Global memory is slow in latency terms, so GPU hardware hides latency by running many threads concurrently. Coalesced, predictable access maximizes the use of available bandwidth.

Constant Memory

Constant memory is a small, read-only memory region optimized for broadcasting the same value to many threads.

• Scope: All threads on the device
• Lifetime: As long as the constant is defined / bound
• Location: Device memory, with a small on-chip constant cache
• Usage: Read-only from device kernels; writes from host

Performance characteristics:

• If all threads in a warp read the same constant address:
• Value can be broadcast efficiently → very fast.
• If threads read different constant addresses:
• Accesses serialize within a warp → slower (similar to regular global loads).

Typical uses:

• Small parameter sets: physical constants, coefficients, lookup tables.
• Read-only configuration data shared across many threads.

Your code usually declares __constant__ arrays/variables (CUDA) and initializes them from host code.

Texture Memory and Read-Only Caches

Texture memory (or more generally, read-only data caches) is another specialized path to device memory.

• Scope: All threads
• Lifetime: As long as texture/buffer is bound
• Location: Device memory, with dedicated caches and units
• Features:
• Caching optimized for spatial locality (2D/3D).
• Optional hardware interpolation and addressing modes (wrap, clamp, etc.).

Typical uses:

• Sampling fields (e.g., images, grids, volumes) where nearby threads access nearby coordinates.
• Read-only tables with irregular access patterns, where the texture cache can help.

Modern CUDA also has a generic read-only data cache accessible via, e.g., __ldg() on some architectures, for data that won’t be modified by the kernel.

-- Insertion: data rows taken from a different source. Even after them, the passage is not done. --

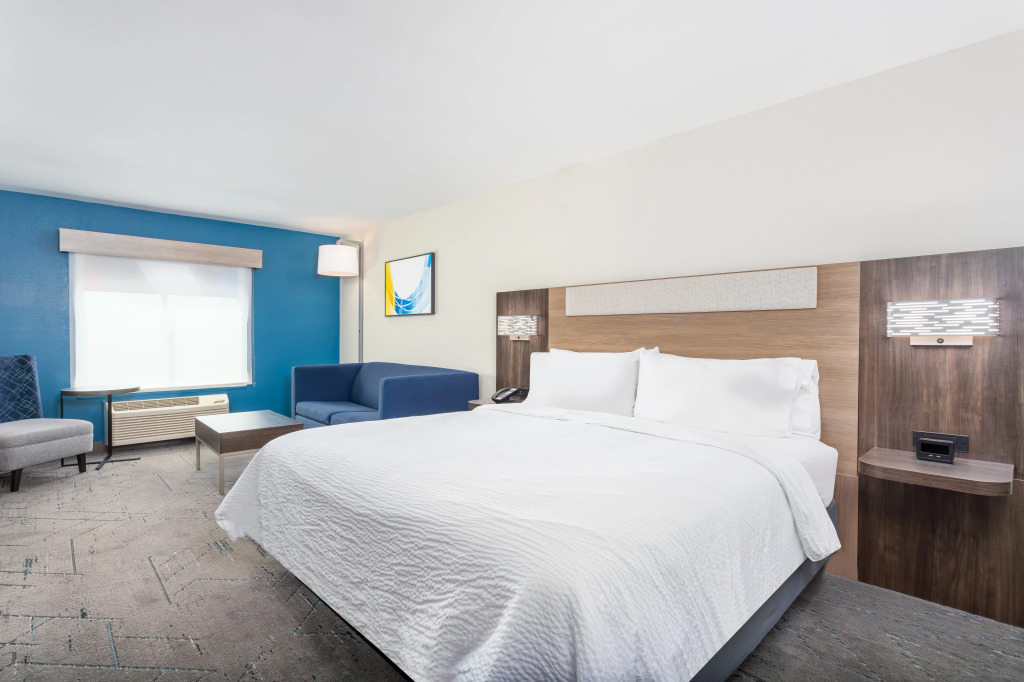 Holiday Inn Express & Suites Lancaster by IHG
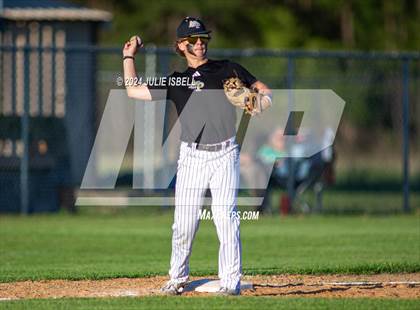 Thumbnail 2 in Anahuac vs Warren @Warren photogallery.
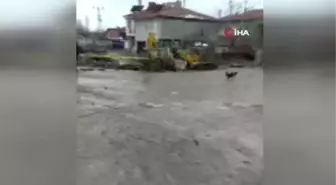 Selin vurduğu Esme köyü'de çalışmalar sürüyor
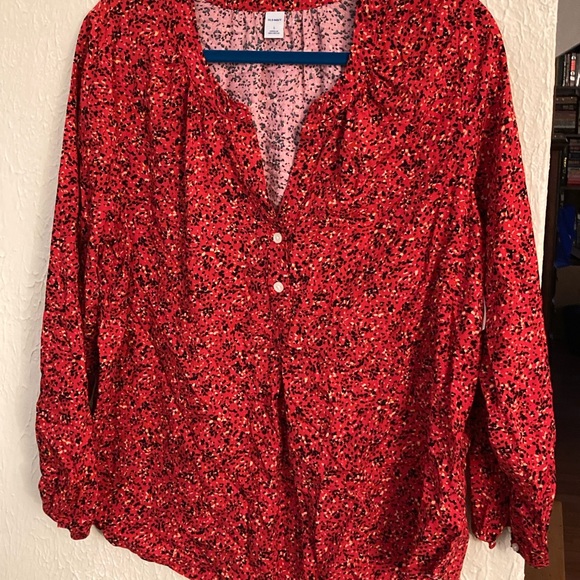 Old Navy Red Two Button Blouse - Picture 2 of 6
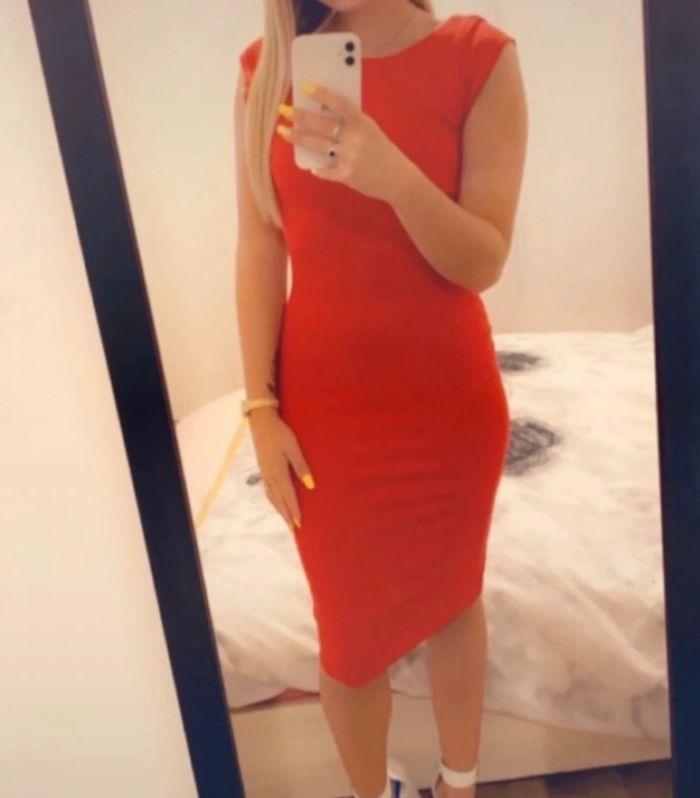 Robe rouge soirée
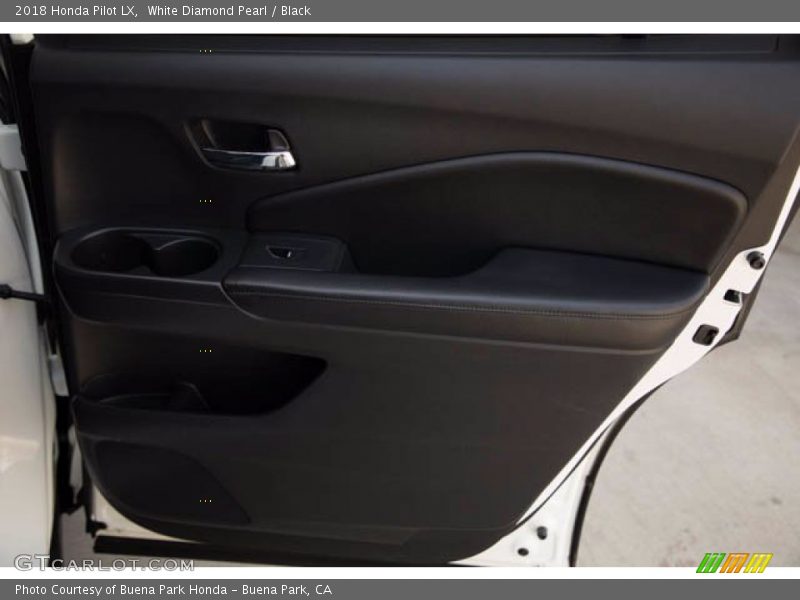 White Diamond Pearl / Black 2018 Honda Pilot LX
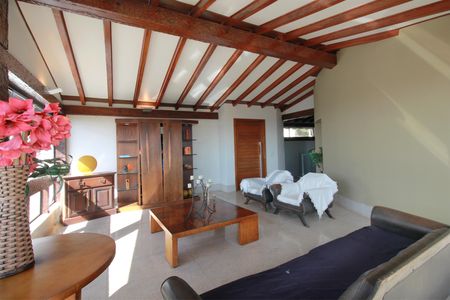 Casa à venda com 720m², 3 quartos e 6 vagasSala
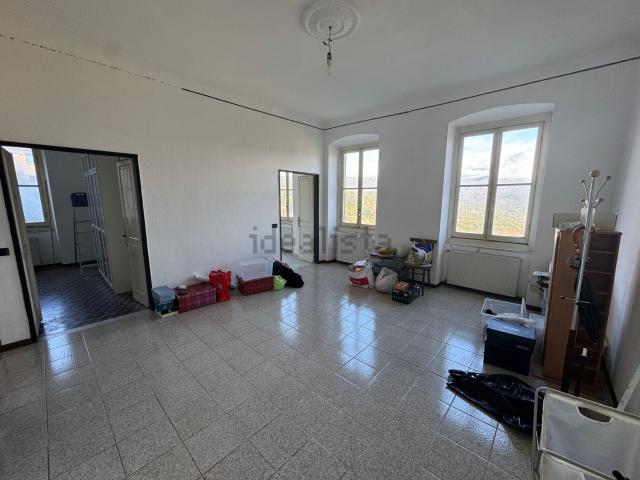 Appartamento in vendita di 95 m² in Strada Statale 1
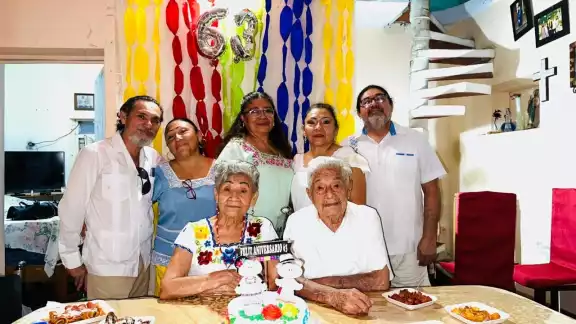 Isabel Sarmiento y Alonso Cámara conmemoran su unión matrimonial con una celebración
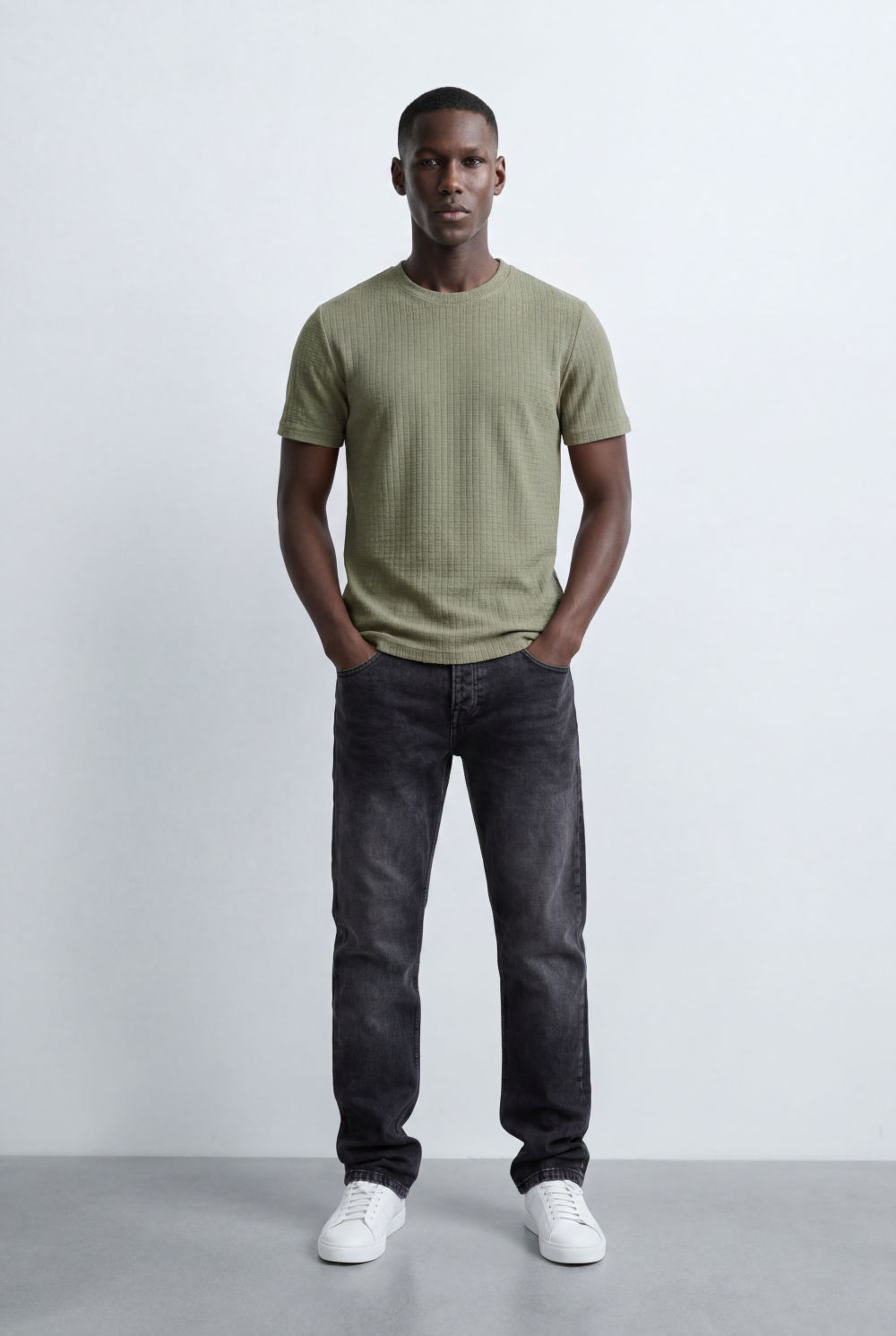 Men’s Structured Knit T-Shirt Grid Texture Surface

This can route reads through a path optimized for read-only caching.

The main decisions:

• Use texture/read-only caches for data:
• That is not modified by the kernel.
• That has good spatial locality, especially in 2D/3D.
• Use regular global loads for everything else, focusing on coalescing.

Host Memory and Interconnect (PCIe / NVLink)

From the GPU’s perspective, host RAM is another, much slower level in the hierarchy, reached over an interconnect:

• PCIe:
• Common in most systems.
• High latency, limited bandwidth compared to GPU DRAM.
• NVLink / similar high-speed links:
• Higher bandwidth and lower latency than PCIe.
• Used in some HPC systems to connect GPUs to CPUs and to each other.

Data movement between host memory and device global memory is expensive relative to on-GPU accesses.

Key implications:

• Minimize host–device transfers inside performance-critical loops.
• Move data once, keep it on the GPU for as many kernels as possible, then transfer results back.
• In multi-GPU setups, understand when data must cross inter-GPU links.

Host memory is typically managed by CPU code; in this chapter, the key takeaway is that from a GPU kernel’s point of view, it is much further away than global memory and usually not directly visible.

Putting It Together: Design Patterns for the Hierarchy

When you write GPU kernels, an effective mental model is:

1. Put what you can in registers (per-thread variables).
2. Use shared memory to cache data reused by threads within a block:
• Load tiles/chunks from global → shared.
• Do computations that reuse these tiles.
• Write results back to global only when needed.
3. Access global memory coalesced:
• Align data layout with thread layout.
• Prefer contiguous, predictable access patterns.
4. Use constant / texture / read-only caches for:
• Small read-only parameters.
• Fields or tables with spatial locality or irregular patterns.
5. Minimize host–device data movement:
• Batch kernels and keep data resident on the GPU.

In practice, high-performance GPU codes:

• Carefully map data structures to this hierarchy.
• Use profiling tools to see where memory bandwidth and latency are limiting performance.
• Iteratively refine memory access patterns and hierarchy usage.

Understanding this hierarchy is essential before diving into programming models like CUDA or OpenACC, where you’ll see explicit mechanisms for controlling how and where data lives on the GPU.